Single Node Install

Here is a step-by-step guide for installing Hadoop on a single-node setup on a Linux-based operating system (e.g., Ubuntu or CentOS), as Hadoop runs best on Linux.

Pre-requisites

  1. Java (version 8 or above) should be installed on the machine.

  2. SSH should be configured for passwordless login (even on a single-node).

  3. Linux distribution (Ubuntu, CentOS, etc.)

Step 1: Install Java

Hadoop requires Java to be installed.

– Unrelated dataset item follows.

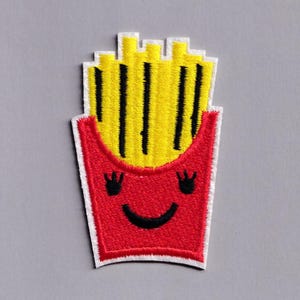May include: Embroidered patch featuring a smiling face on a red french fry container, with yellow fries and black vertical lines. The patch has a white border and is on a gray background.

To install Java, follow these steps:

  1. Check Java version:

    java -version

    If Java is already installed, you’ll see the version. If not, proceed with installation.

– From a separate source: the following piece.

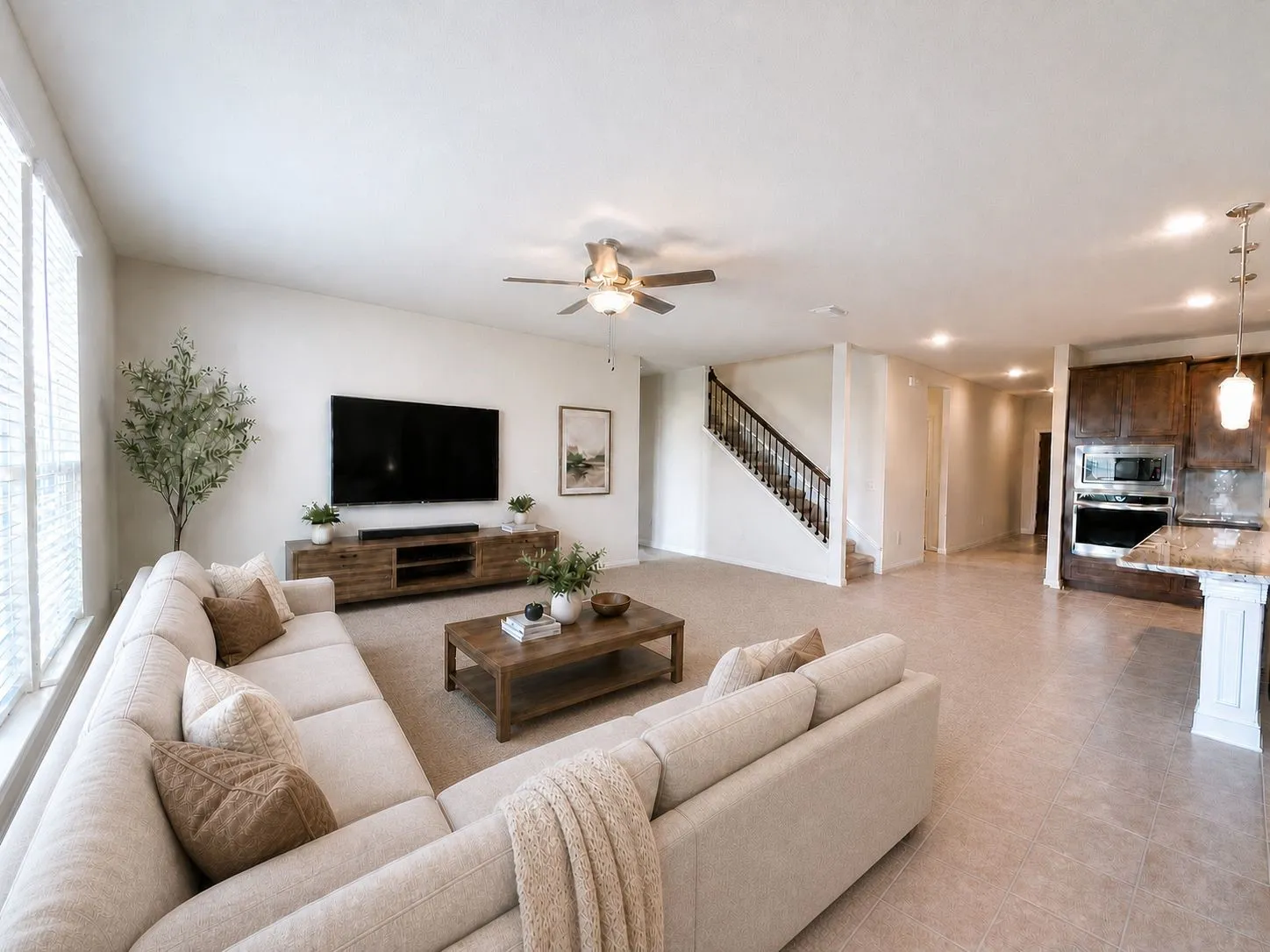 AI ENHANCED Open-concept living area featuring a neutral carpet, a ceiling fan with integrated lighting, and a white baluster staircase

  2. Install Java (OpenJDK 8):

    • On Ubuntu:

      sudo apt update
      sudo apt install openjdk-8-jdk
    • On CentOS:

      sudo yum install java-1.8.0-openjdk-devel
  3. Set the JAVA_HOME environment variable: Find the Java path using:

    update-alternatives --config java

    Copy the path (e.g., /usr/lib/jvm/java-8-openjdk-amd64/), and add the following to your ~/.bashrc or ~/.profile file:

    export JAVA_HOME=/usr/lib/jvm/java-8-openjdk-amd64/
    export PATH=$PATH:$JAVA_HOME/bin
  4. Reload the bash profile:

    source ~/.bashrc

Step 2: Download Hadoop

  1. Go to the official Hadoop website and download the latest stable version. For this example, we'll use Hadoop 3.3.0.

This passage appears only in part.